To do: Return, with both end lines included, exactly what the data below holds from the line with "Citroën Berlingo L1" through the line with "Peugeot 5008 1.5 BlueHDi Active Pack de 2020", though not the pictures.

Records for the task:
=-=-=

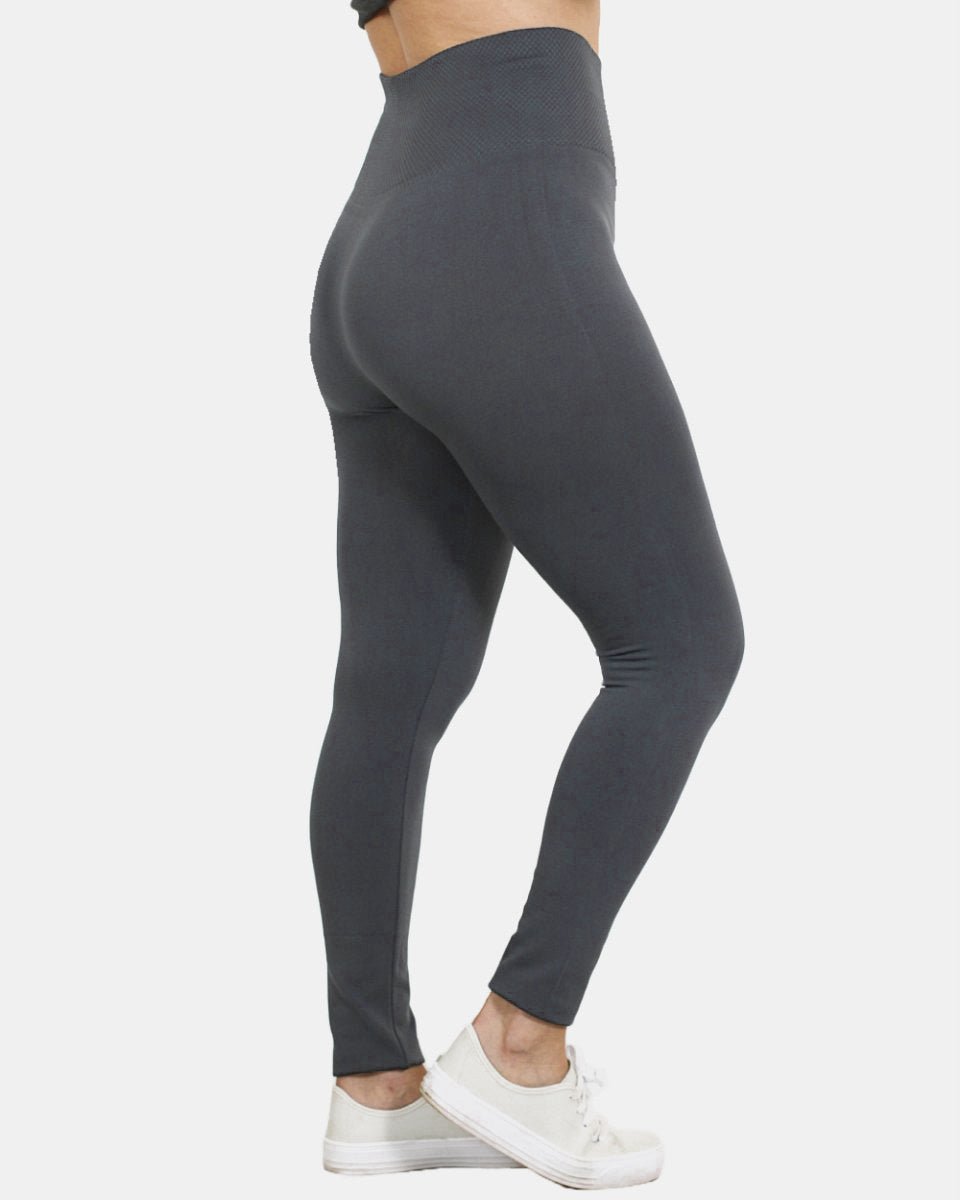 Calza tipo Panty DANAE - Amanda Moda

=-=-=

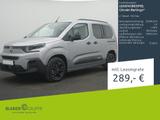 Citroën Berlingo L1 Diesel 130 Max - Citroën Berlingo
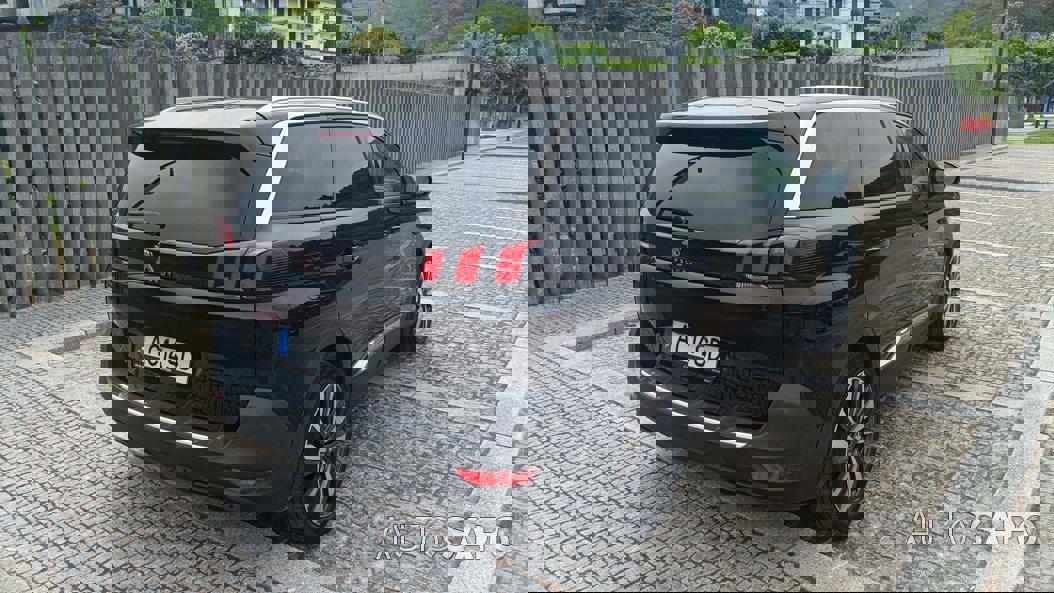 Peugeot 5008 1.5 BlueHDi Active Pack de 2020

=-=-=

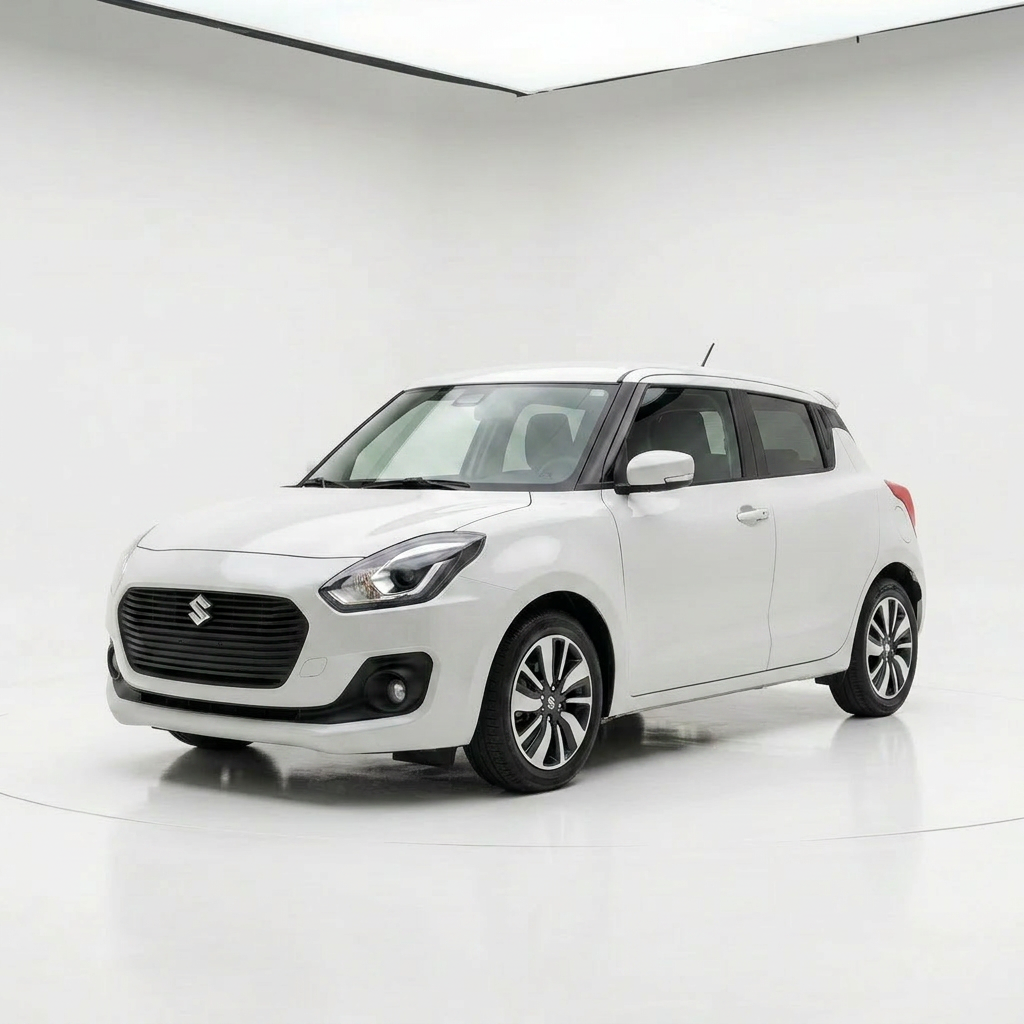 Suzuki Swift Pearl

=-=-=

Answer area:
 Citroën Berlingo L1 Diesel 130 Max - Citroën Berlingo
 Peugeot 5008 1.5 BlueHDi Active Pack de 2020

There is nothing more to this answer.